Une partie de l’alimentation animale provient actuellement du continent américain (soja, maïs). Mais en 2050, les importations de soja et de tourteaux dérivés (4) en provenance des Amériques seront totalement supprimées.
Toutes ces évolutions permettront de libérer dès 2025 cinq à huit millions d’hectares de terres, qui pourront être utilisés pour la production de matériaux et d’énergie. Des agrocarburants ? Oui, à condition de répondre à la demande alimentaire d’abord. Mais si l’on envisage sérieusement l’arrêt progressif des importations de pétrole, alors la France, et même l’Europe, devront se remettre à produire leur propre énergie. Ainsi, Afterres2050 a été couplé au scénario énergétique Négawatt élaboré en 2011 (5), qui est à l’heure actuelle le modèle de transition énergétique le plus crédible : sortie du nucléaire et des énergies fossiles avant 2050, bouquet d’énergies renouvelables, et surtout sobriété et efficacité énergétique. « Nous avons trouvé beaucoup de niches de biomasse exploitables qui n’entrent pas en compétition avec l’alimentation, en particulier dans les forêts et les pâturages. » Dans une trentaine d’années donc, une grande partie des déjections animales et de la biomasse sera transformée par la méthanisation, ce qui permettra à l’agriculture de produire l’énergie dont elle aura besoin pour fonctionner, tout en réduisant les émissions de gaz à effet de serre.

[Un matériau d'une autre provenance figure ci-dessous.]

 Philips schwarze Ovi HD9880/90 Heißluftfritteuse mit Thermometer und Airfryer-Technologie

Un scénario pas si révolutionnaire que ça
Afterres2050 propose un virage serré, certes, mais continu, vers l’horizon 2050. C’est une trajectoire considérée comme linéaire par les scientifiques, soit un changement progressif de notre agriculture en 35 ans. Une vision pas forcément partagée par le public. Car, au cours de sa tournée, en 2013, l’équipe de Solagro a effectué plus de 100 réunions et touché plus de 5000 personnes. « Les agriculteurs y voient un scénario extrême et, pour les citoyens, c’est une véritable rupture ! C’est très intéressant, car nous avons veillé justement à ne pas faire d’hypothèses extrêmes pour pouvoir avoir un vrai débat avec la population. Mais les réactions ne sont pas agressives, car nous expliquons tout et proposons des alternatives. » Le scénario soulève également beaucoup d’enthousiasme. Les « ça prouve ce qu’on disait ! » et les « enfin ! » ne sont pas rares…

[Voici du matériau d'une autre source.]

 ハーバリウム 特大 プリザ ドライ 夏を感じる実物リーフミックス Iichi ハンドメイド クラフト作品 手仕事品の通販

Au niveau politique, pour l’instant, quatre conseils régionaux prévoient de décliner le scénario à l’échelon local : la région Centre, l’Île-de-France, la Picardie, et Rhône-Alpes.
L’originalité du scénario est qu’il permet d’aller au-delà des expériences locales alternatives, de les connecter à des enjeux plus globaux. C’est surtout un très bon point de départ pour un véritable débat sur la transition. « Nous avons fait un modèle pour pouvoir discuter de la complexité et des détails d’une telle transition. Grâce à un tel outil, la société peut se réapproprier le débat, il n’y a pas que le monde agricole qui s’empare de la décision. »
P. S.
(1) Le rapport Afterres2050 est disponible sur le site de Solagro, www.solagro.org. Cette association, basée à Toulouse, est spécialisée dans la réalisation d’écobilans et d’études sur les énergies renouvelables.

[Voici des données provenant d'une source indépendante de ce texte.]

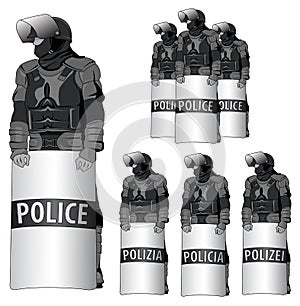 Anti Riot police - vector set photo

(2) Nourriture, carburant et fibres végétales, trois débouchés de l’agriculture.
(3) Des produits chimiques en faibles quantités et juste quand il faut.
(4) Les tourteaux sont ce qui reste des graines ou fruits d’oléagineux, une fois retirée l’huile. Ils sont utilisés en alimentation animale.
(5) www.negawatt.org. Voir également le dossier de Silence du no 309, « Objectif Négawatt ».